I broke down and took my kids to see the Magic Treehouse film in Japanese. Neither of them have been to a real movie before and I was very worried about whether they were old enough. In fact, I was only going to take Spinky, but Domba begged to go. My husband stayed outside the theatre for the first half an hour just in case she needed to be taken out but all was well, and even my 2-year old was fascinated by this movie.
Who takes their 2-year old to a movie? Oh, me.
The plot of the movie was that Merlin has turned Morgan into a rat, and sent the Magic Treehouse into the woods surrounding Jack and Annie's town. Jack and Annie must journey to different times to collect four medallions to stick into grooves on the front of a book. When that happens, a miracle will occur. The audience knows that the rat called peanuts is actually Morgan, but although Jack and Annie encounter Morgan on their second adventure, they don't realize the rat is her.
When I read the synopsis in Japanese I thought it would be about the first four books (Dinosaurs Before Dawn, The Knight at Dawn, Mummies in the Morning, Pirates Past Noon) and that is what I ordered and read.

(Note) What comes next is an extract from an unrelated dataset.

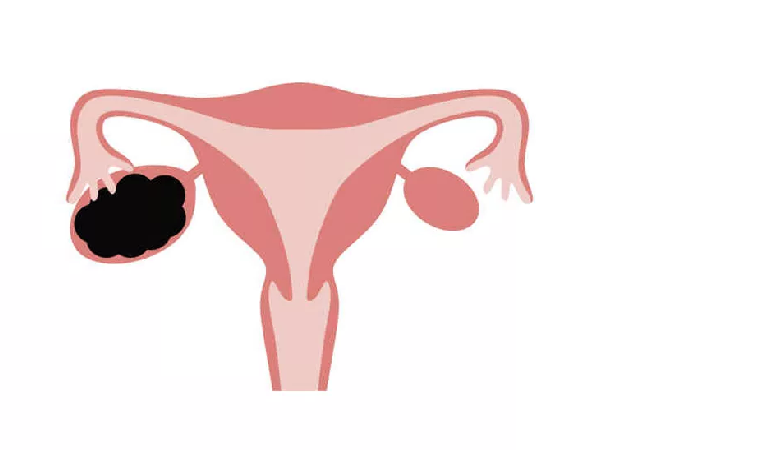 متخصص زنان بجنورد | Endometrioma cyst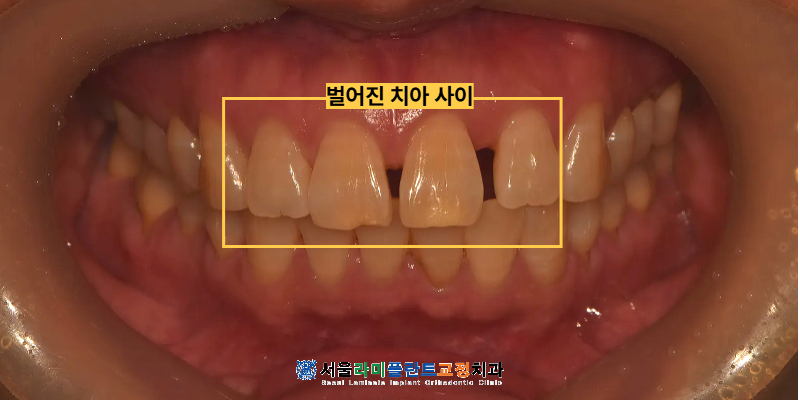 동탄라미네이트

It was actually the first two and fourth, but the mummy adventure was replaced by Vacation under the Volcano (CAN, JP, USA), which is No. 13 in the Magic Treehouse series.
This is the one book I had wanted to avoid, as we live only a few kilometres from an extremely active Stratovolcano, just like Vesuvius. Actually, my city is twinned with Naples due to the fear of the volcano we have in common. So watching Vesuvius erupt while the citizens of Pompeii, and Jack and Annie, run for their lives, would not have been my pick for a first movie for my kids. It turned out all right, I was more scared than my kids were, and I found the depictions to be pretty accurate (not that I was around then!), more accurate than The Fires of Pompeii when Doctor Who and his companion Donna visited Pompeii on the same day. The preceding earthquakes and lightning striking the volcano were particularly well done.
I am not a big fan of the Japanese anime style. I do not like the small mouths, same noses, and giant eyes. This is just a personal aesthetic preference though, it was well-done and I was able to move past that and enjoy the scenery. Jack and Annie seemed pretty true to their depictions in the books despite Jack getting a giggly girlfriend. I could accept the change of Morgan to a rat (not anywhere as cute as Remi) from a parrot because I think that worked well to tie the story into a single 1.5 hour escapade. It seems like they have purposely made it possible to have a sequel as well, as now Merlin needs to be saved.
My only real problem with the movie is the Shakespeare was misspelled as Shakespear on a book carried by Jack's love interest, which could be fixed in post-editing if they release this abroad with English subtitles.
The big thing for me was that even though we watched the movie in Japanese, my kids could speak about it afterwards with me in English. Reading the books beforehand, even though the volcano adventure wasn't one of them, gave them the vocab to be able to do that. As soon as we got home Spinky made me order the next four as well. Two thumbs up on creating interest in chapter books!
I can't believe I am saying this, but this was actually worth the expense of taking both kids to the movies, it was a great afternoon.